The way in which this information, taking into account the sampled nature of it, is as follows. We split the data into ‘high-rep’ points and ‘other’ points, and use the information from the high-rep points to generate a prior structure for the variance surface. The prior structure takes the normal form, namely a regression surface (which here represents the change in variance across the space, rather than the output as is normal for us) and a correlation structure which relates to the variance-of-the-variance. Given this, we can perform a modified Bayes Linear update using all variance data available to us (including from the other points) that takes into account the fact that we are dealing with a sample variance. This gives, for each output, an emulator whose predicted value is the variance at the point.

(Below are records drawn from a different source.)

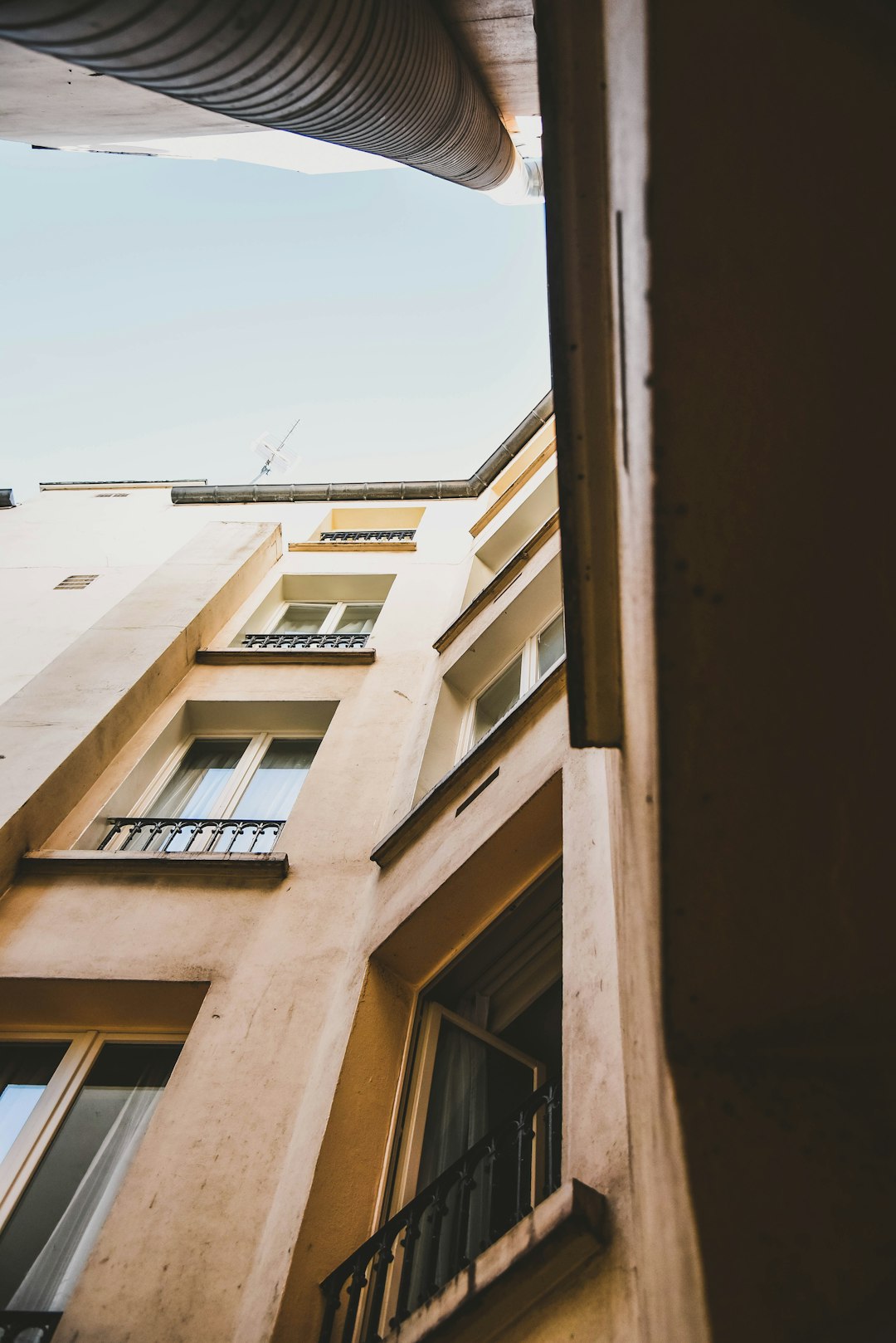 low angle view of apartment complex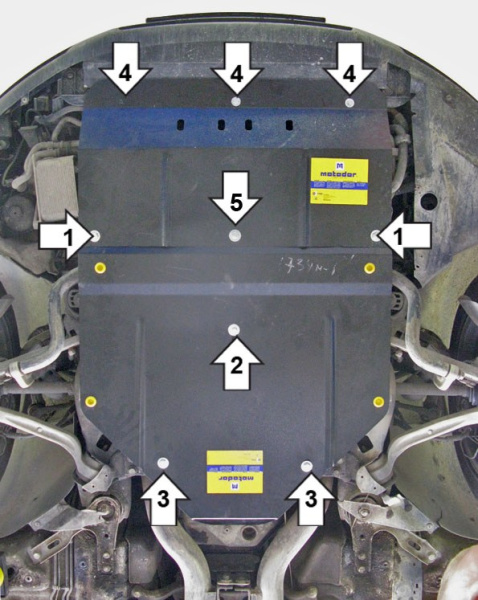 Фото Защита Motodor для картера и кпп (две части) Volkswagen Phaeton (акпп) (2002-2006)
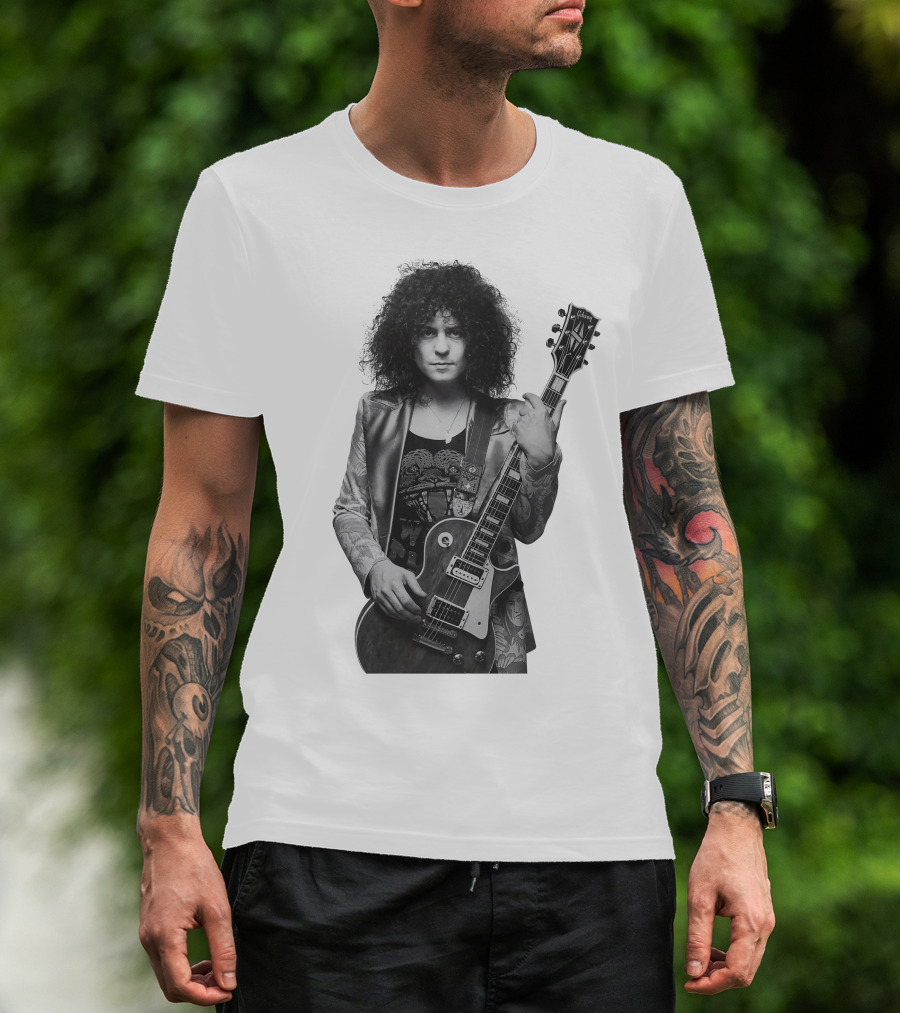 Marc Bolan With Gibson Les Paul Guitar Iconic Black And White T-Shirt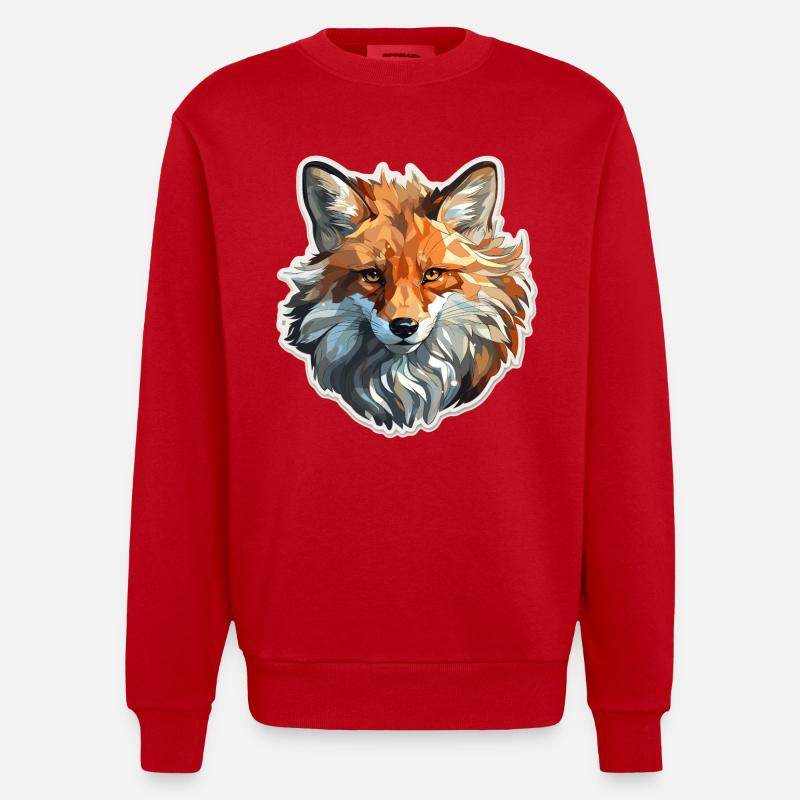 Fuchs - Illustration - Heavyweight Oversized Organic Crew Neck Made in EU - Rot
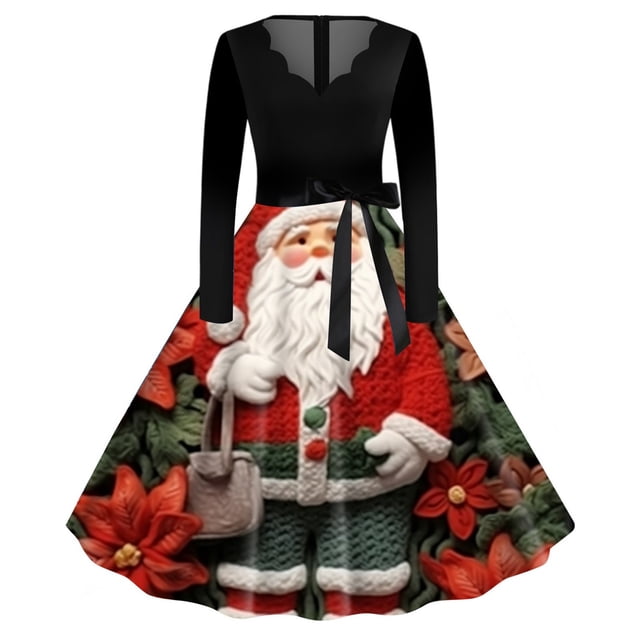 Robe Décontractée Évasée pour Femme Col Rond Manches Longues Imprimée Fête Noël Chandail Fluide Confortable Élégante Stylée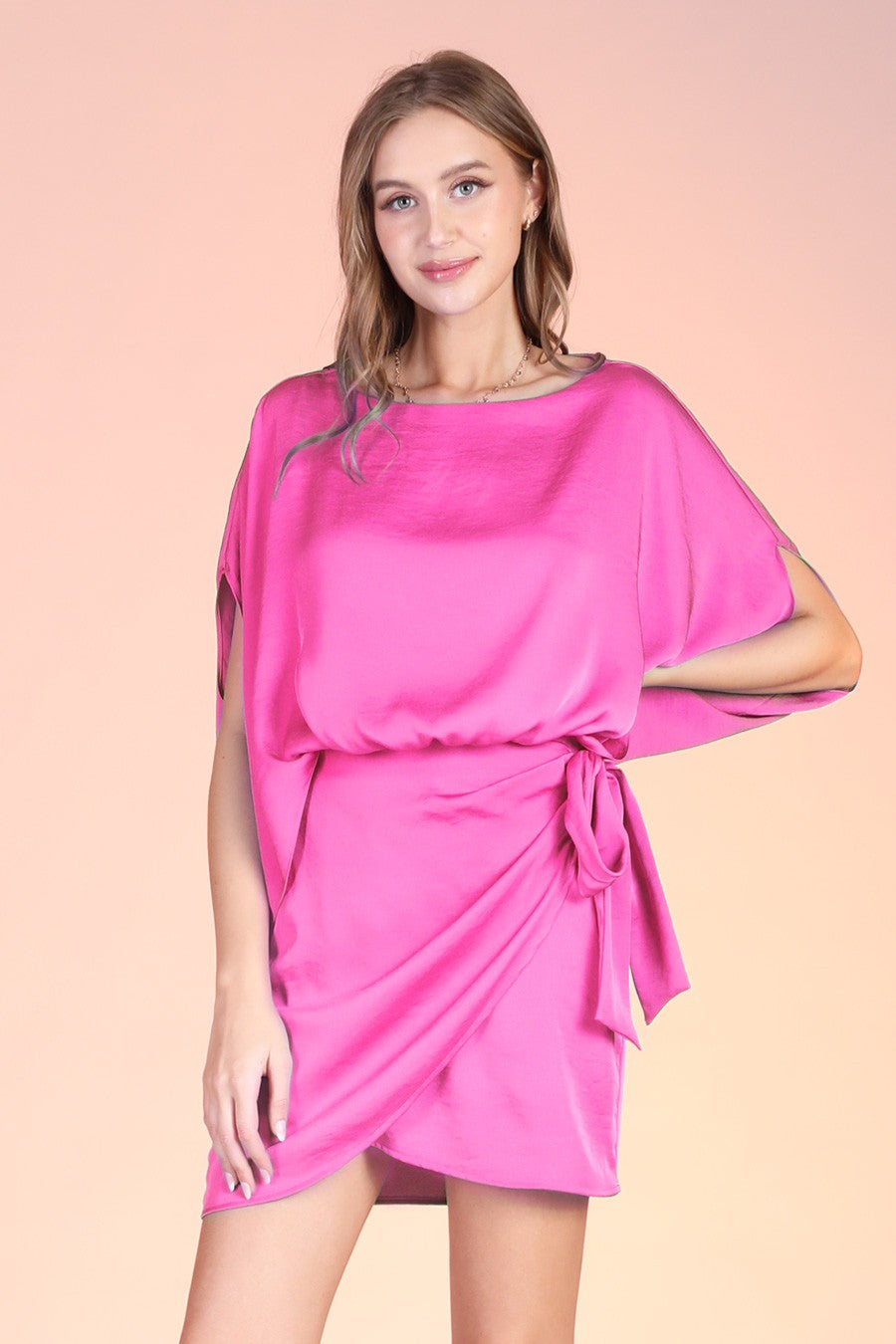 Washed Poly Silk Boat Neck Wrap Dress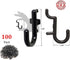 WallPeg 100Pcs Pegboard Accessory Peg Hook Set - Durable Self-Locking Black 1/4" J-Style FlexLock Peg Hooks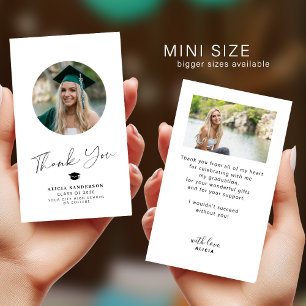 Cartão De Notas Chique minimalista moderno foto graduação obrigado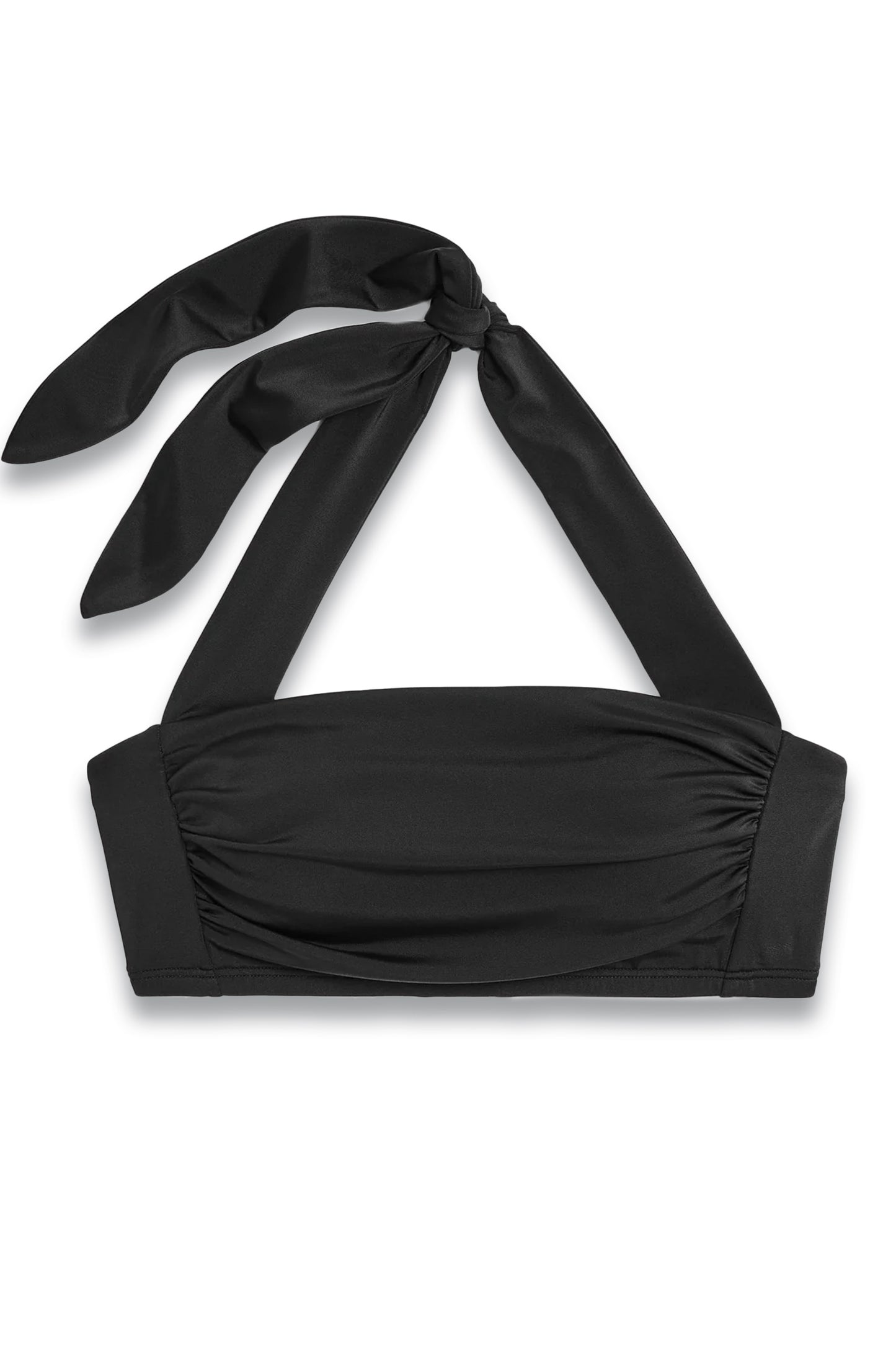 Kythira Ruched Bikini Top in Black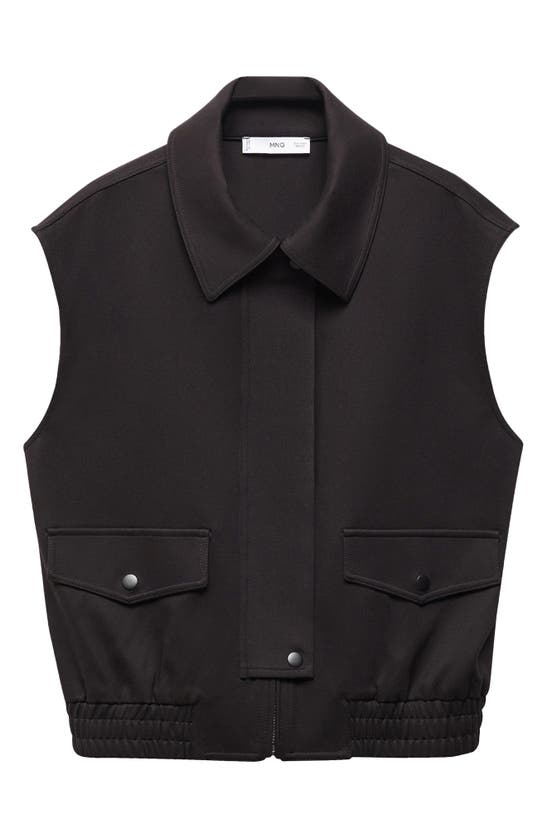 Shop Mango Zip Vest In Black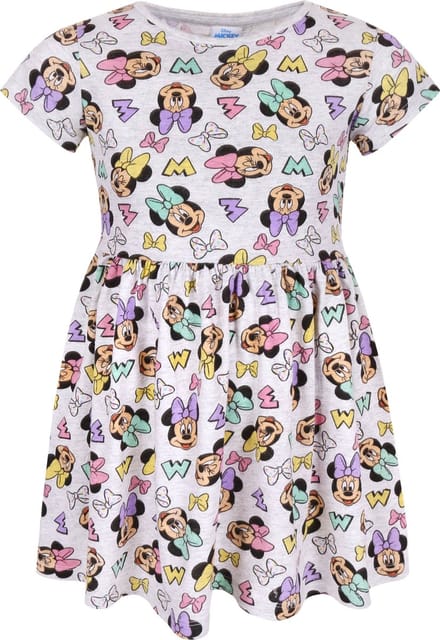 Grijze, gemêleerde jurk met korte mouwen - Minnie Mouse DISNEY / 134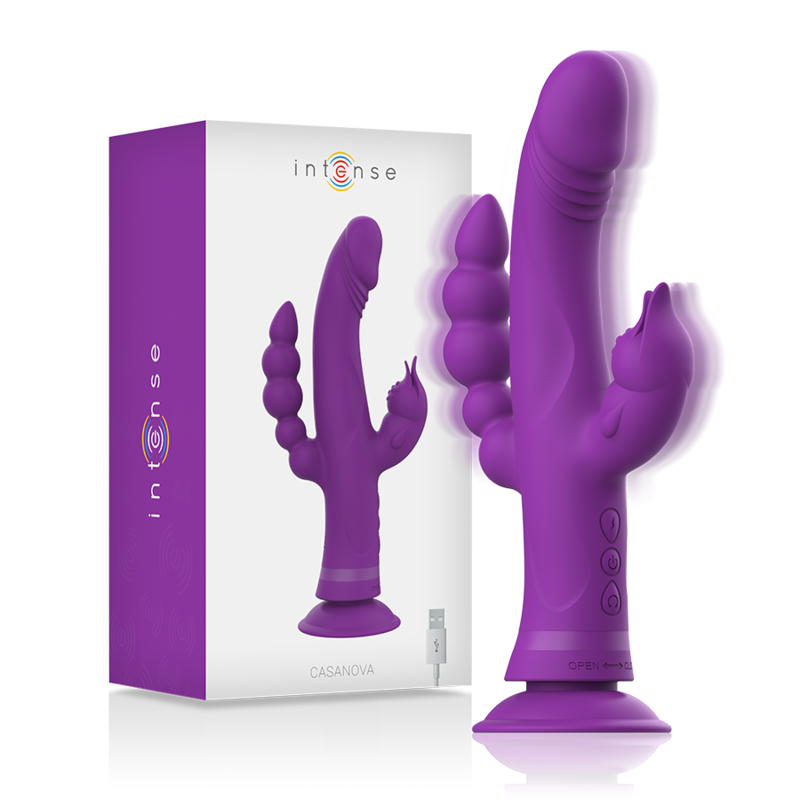 INTENSE - CASANOVA KANIN SILIKONE VIBRATOR TRIPLE MOTOR LILLA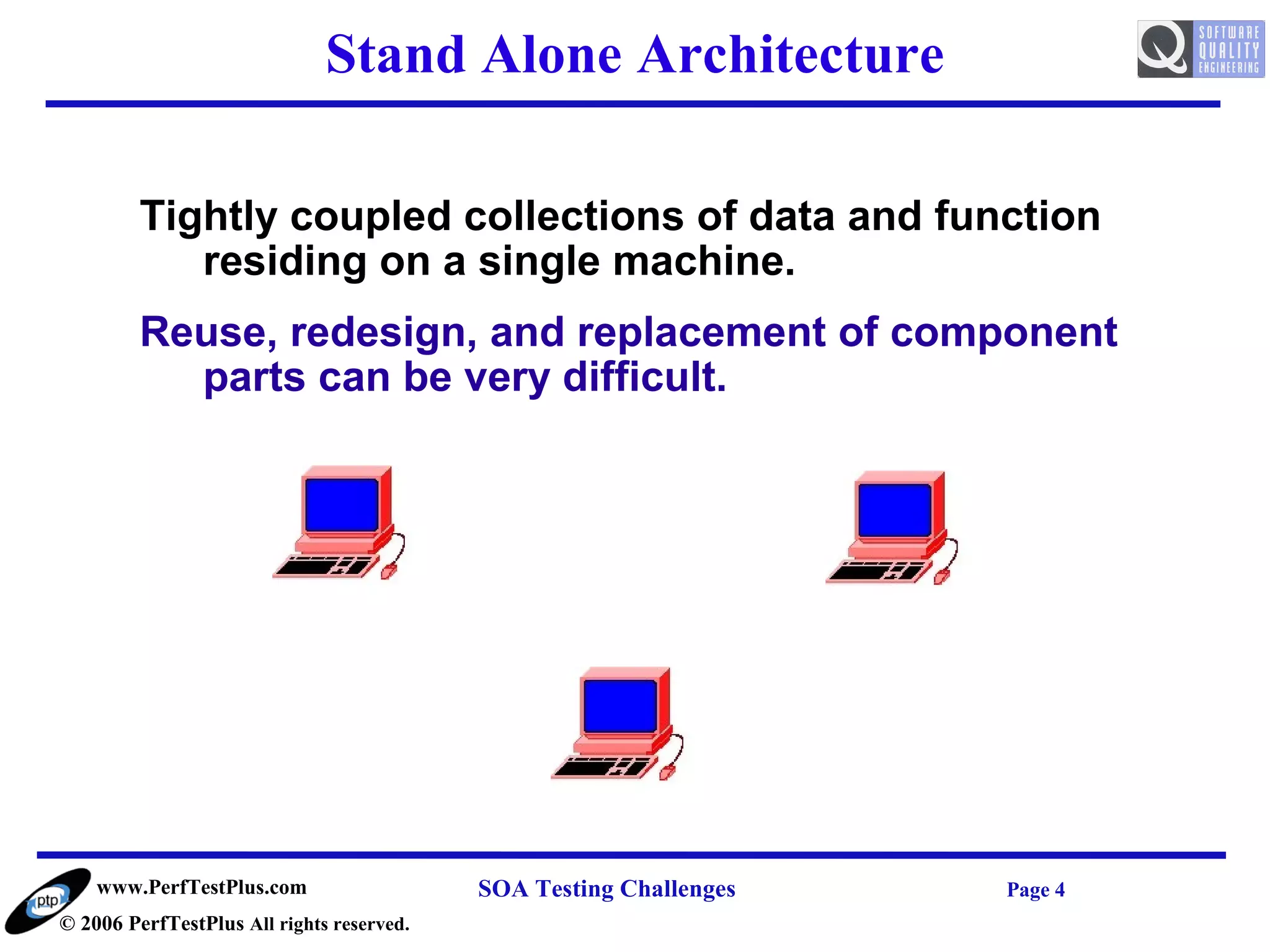 Stand Alone Architecture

We could do exactly the same to emulate the mean, but we already have
a representation of the variance of the outputs *that formally
quantifies the uncertainties around the variance*. We can therefore
use the variance emulator to help provide a prior for the mean emulator
- this acts as a sample-adjusted stand-in for an exact functional
representation of the variance mentioned in option 2 above. The
regression surface we take in the usual fashion, from the output means.
Allowing for the fact that the means, too, are sample means, we perform
the modified Bayes Linear adjustment as in the variance emulator
case.

This framework allows us to make reasoned judgments about the nature of the heteroskedasticity in this stochastic system, while accounting for our uncertainties about that structure, without resorting to a blanket inflation of the emulator uncertainties. This general approach, which we term Hierarchical Emulation, can be used in a multitude of contexts rather than just variance emulation. For example, the framework can be applied to perform cross-model emulation, using the results of a fast model as a prior for a slower, more accurate, one.